Yeah. It’s got nothing to do with thinking I’m “too cool” or above it – it’s just that there’s a predictability and pressure in performing, so that it just becomes the same. I can’t remember the last really exciting show that I saw. There’s just something really stagnant about it – you sit there for half an hour, you play for half an hour…I just feel that I rarely have a good time or feel good afterwards. Although, I felt really good after playing the church a couple of weeks back. The atmosphere and sound was just spot on – I couldn’t have asked for a better place to play in.

For someone like myself, who has a real difficulty playing live, it’s just about finding the right space. I’d enjoy it more if spaces were a little more interesting or more exclusive to the music, as opposed to playing the same rock club that everybody plays or whatever.

How do you keep playing live if you don’t enjoy it?

Well I could say the same about music – why do I keep returning to it? It’s just a really personal thing. I seldom feel very much achievement in a lot of what I do, music aside. Returning to music is the equivalent of returning to a place that you like, or re-watching a good movie. It’s just a way of pouring out my ideas or feelings about something. It’s a growth process – I’m not trying to get anywhere with it, or change the boundaries of music in any way. It’s just purely a reflection on self and people and age and time.

I’ve been doing music for such a long time as I feel like it’s the only thing I can do. I’ve tried other forms of expression such as painting and film, but for some reason sound feels like the most fascinating – sound can have its own words, veins and blood.

Is there a sense of relief or release in creating your music?

I think most musicians would say that there is. You know, it’s about “taming the beast” or “exorcising the demon”. For me though, sometimes it’s just like a resurrection of something. Bringing forth the past or a totally different side of myself. It’s not so much as a release as a re-visitation of sorts. I guess there’s a sense of exercise or energy about playing something like rock music, but with my music it’s just like a dwelling – a meditation on certain things or thoughts.

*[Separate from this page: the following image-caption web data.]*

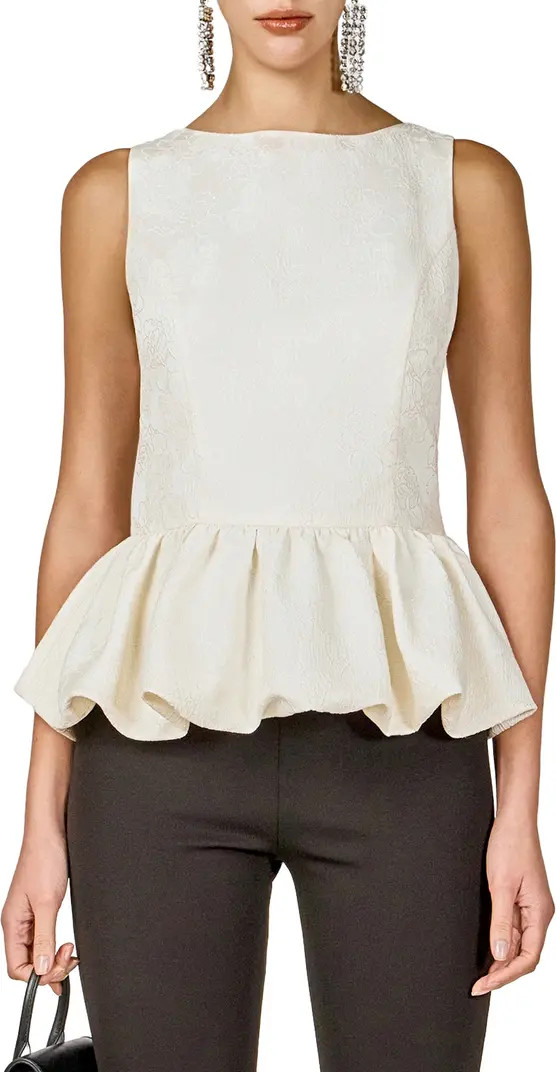 Floral Jacquard Peplum Top | Nordstrom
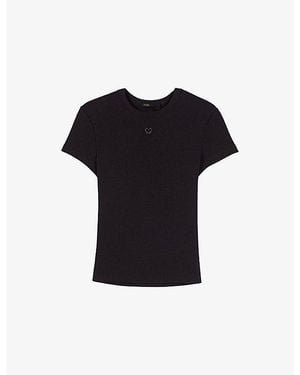 Maje Brand-Embroidered Ribbed Cotton-Jersey T-Shirt - Black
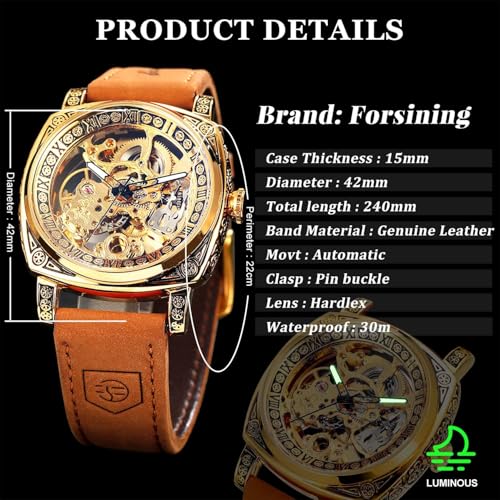 FORSINING Square Luxury Retro Mechanical Watch for Men, Gorgeous Hollow Skeleton Self-Wind Carved Automatic Watches Vintage Leather Strap Wristwatch Silver Dail Black Strap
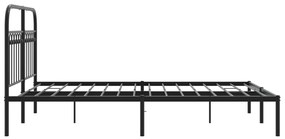 Estrutura de cama com cabeceira 135x190 cm metal preto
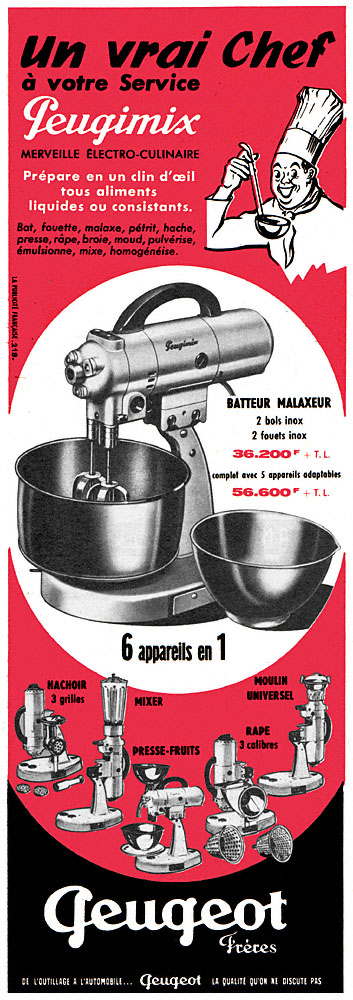 Advert Peugeot 1958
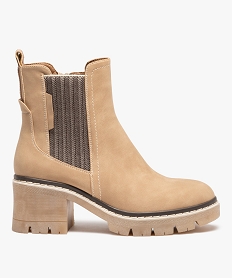 GEMO Boots femme style Chelsea à talon large et semelle crantée beige standard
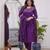 Lavender rayon silk sequin embroidered v neck kurta set with chanderi dupatta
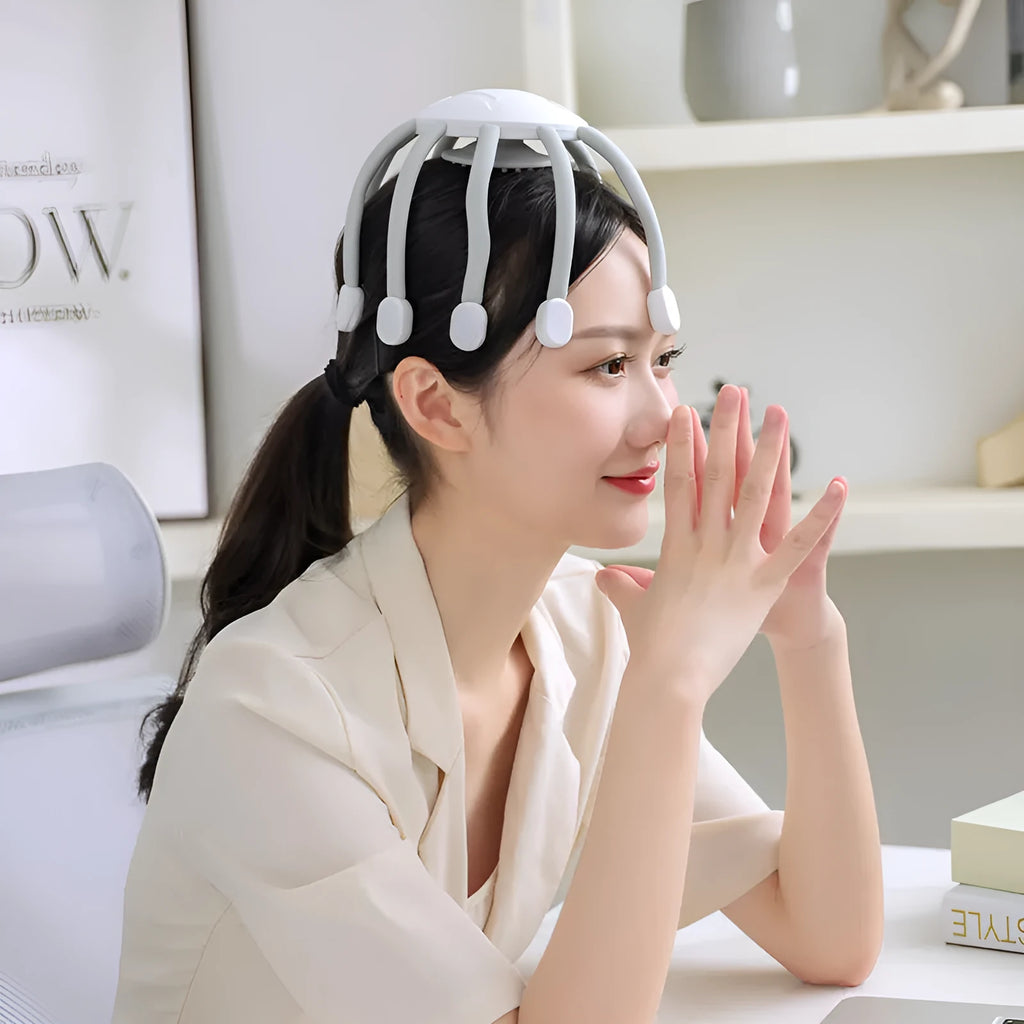 USB powered head massager with multiple claws for scalp vibration and relaxation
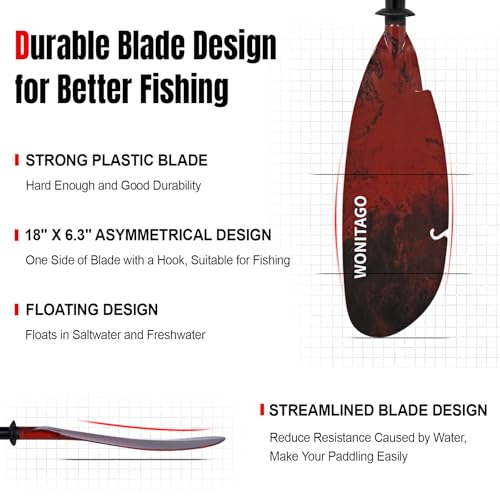 Angler Kayak Paddles Aluminum Paddle with Plastic Blades and Paddle Leash, Floating Adjustable Fishing Kayak Oars, 3 Piece, 230-250cm/90-98 inch
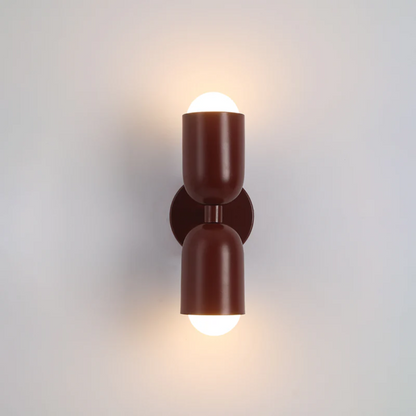 Wandlamp Retro met Twee Cilindervormige Kappen en Ingebouwde LED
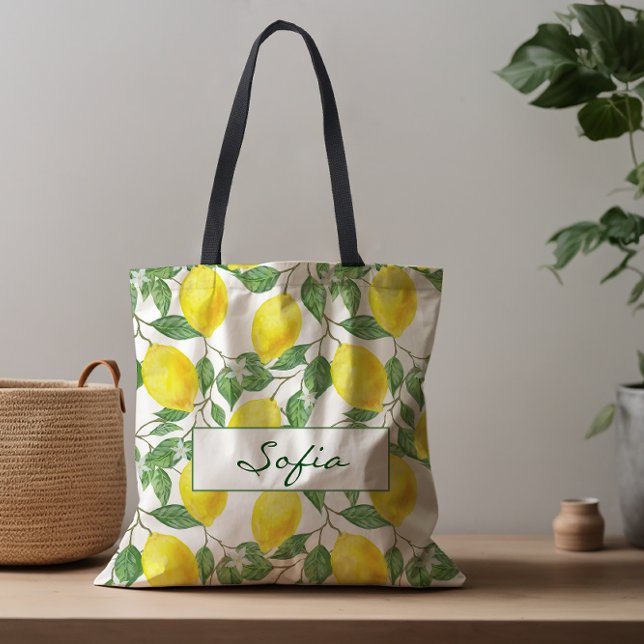 Pattern lemon flower leave green  tote bag (Creator Uploaded)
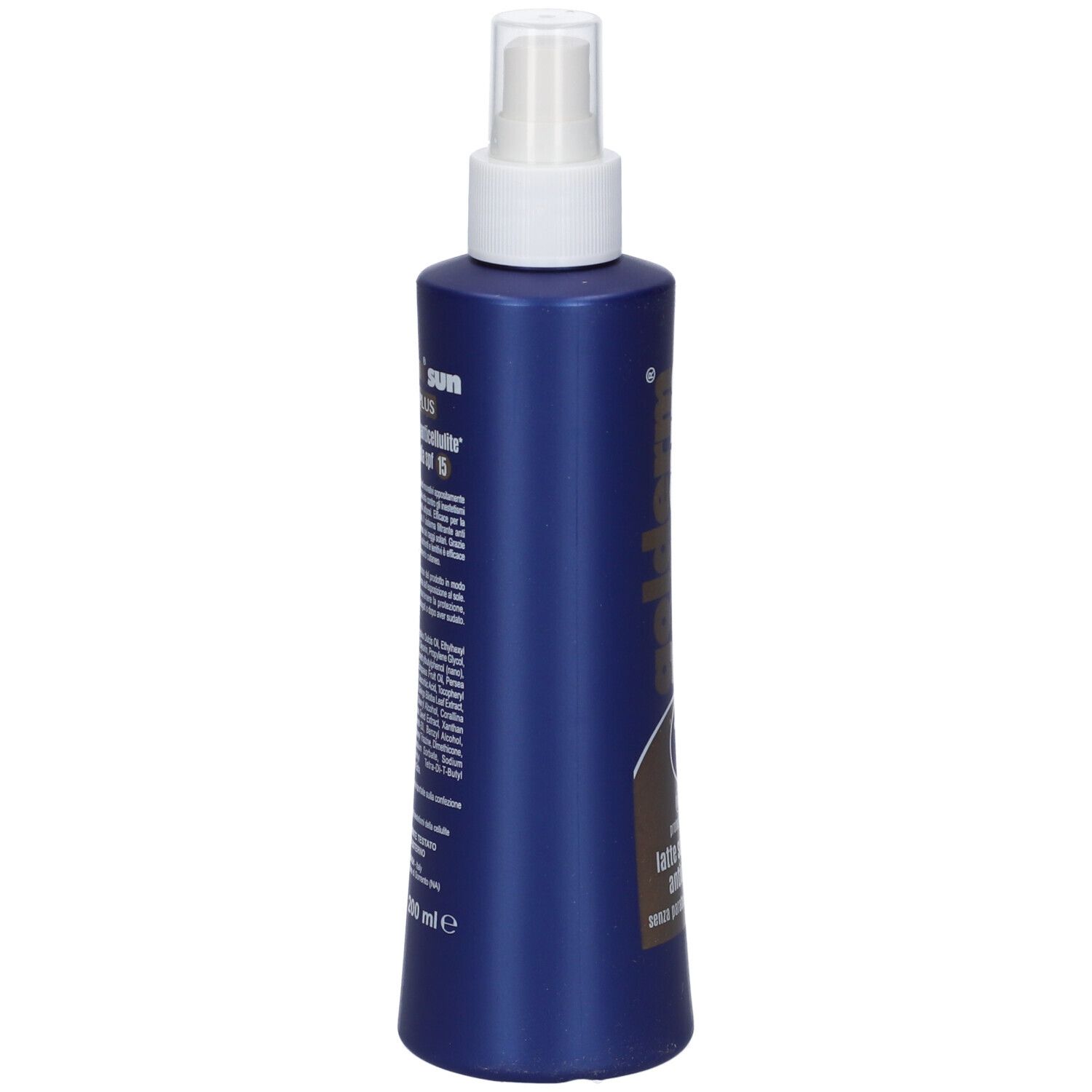Flacone blu con erogatore spray. Scritta: Golderm Sun Drena Plus. Testo sul retro.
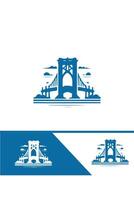 The Crossing Crest bridge logo design vector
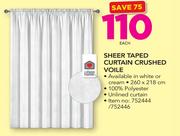 Always Home Sheer Taped Curtain Crushed Voile 260x218cm-Each 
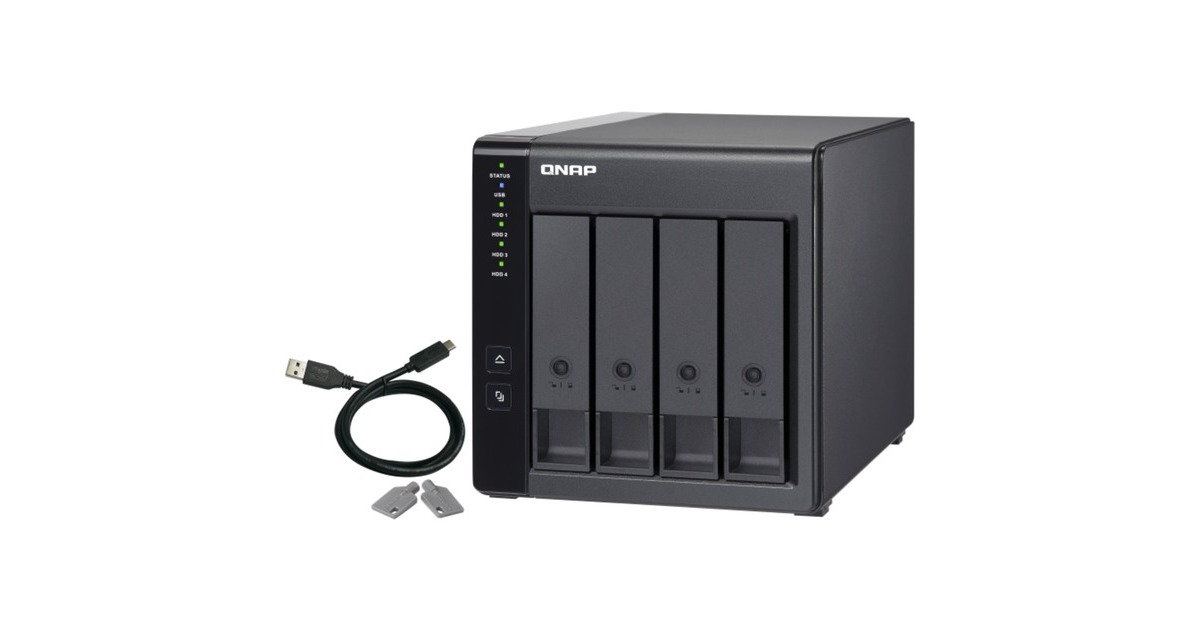 QNAP TR-004 Erweiterungsgehäuse, Laufwerksgehäuse(schwarz, RAID-Unterstützung)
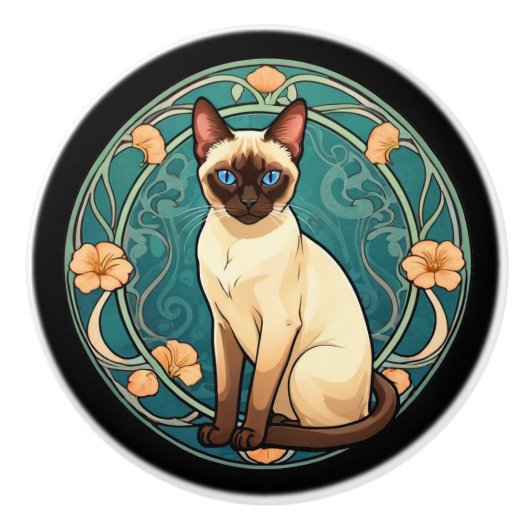 アール・ヌーヴォー・シャム猫 セラミックノブ (正面)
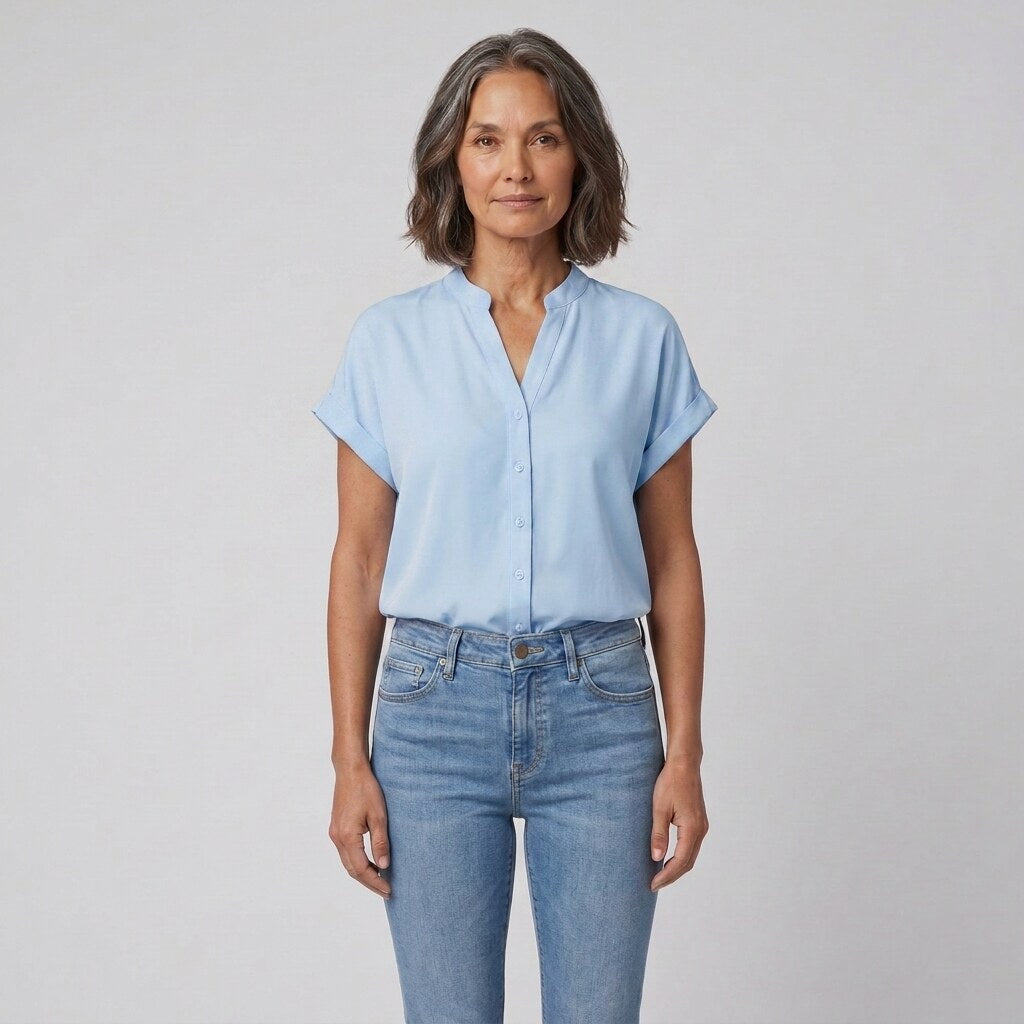 Isabelle button-front blouse blue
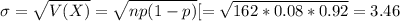\sigma = \sqrt{V(X)} = \sqrt{np(1-p)}[ = \sqrt{162*0.08*0.92} = 3.46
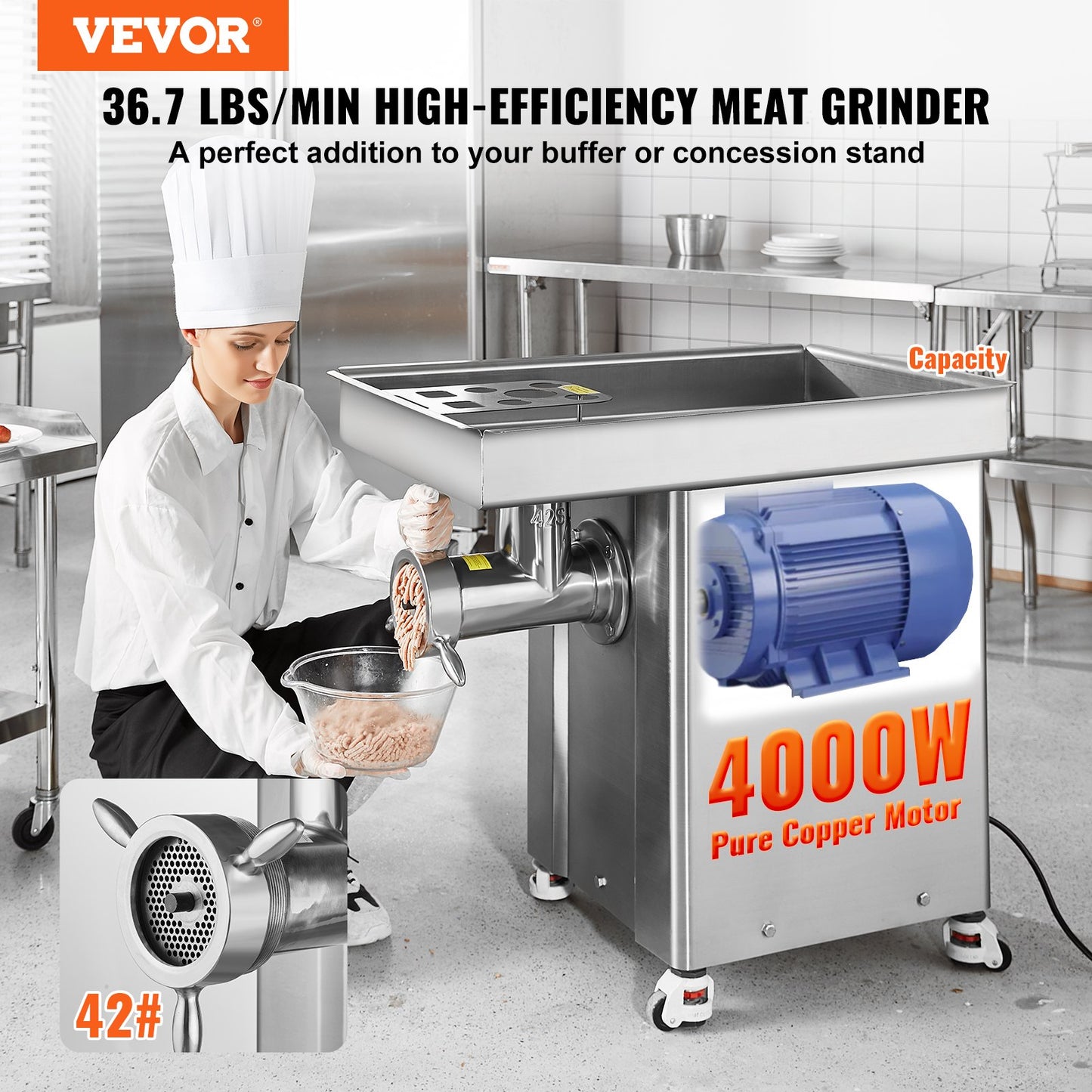 Commercial Electric Meat Grinder 36.7 lbs/min Industrial Cabinet Grinder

Do you still connect with music you made several years ago? How does it hold up when you put years between yourself and the music?

Obviously I have stuff lying around that never worked out. It’s so tricky with quiet music…it can go awry or sour so easily. When I do have something released or published, I make sure that it’s as honest as it can be, and that I love it and still will love it years down the line. I think I do for the most part. A lot of musicians say that they don’t listen to the stuff they make after it’s been released, but I’ll still re-listen to things that I’ve done from years ago. It brings a sense of comfort, like re-visiting a nice place or memory.

Well I suppose that if you’re creating this music for yourself…if you can’t listen to it, who can?

Well yeah. There are some musicians that seem uptight about having to re-listen to recorded output, and it doesn’t strike them as something normal that they would do.

Perhaps some musicians feel that it’s counter-productive to re-visit ideas and thoughts that they consciously wanted to get out of their system.

I guess so. Everybody has their own take on what they create. I think it’s funny how some people consciously listen to a record for years and years…it’s almost the same thing I guess. When I have a special piece of mine that I’ve released, it should be something that I want to re-visit and remember.

And finally, what’s coming up in the immediate future?

Ways Of Meaning is coming out in May. And then I feel like I should get on the road and tour – I’ve never done a US tour before. At the end of the year I have another release out on Low Point in England.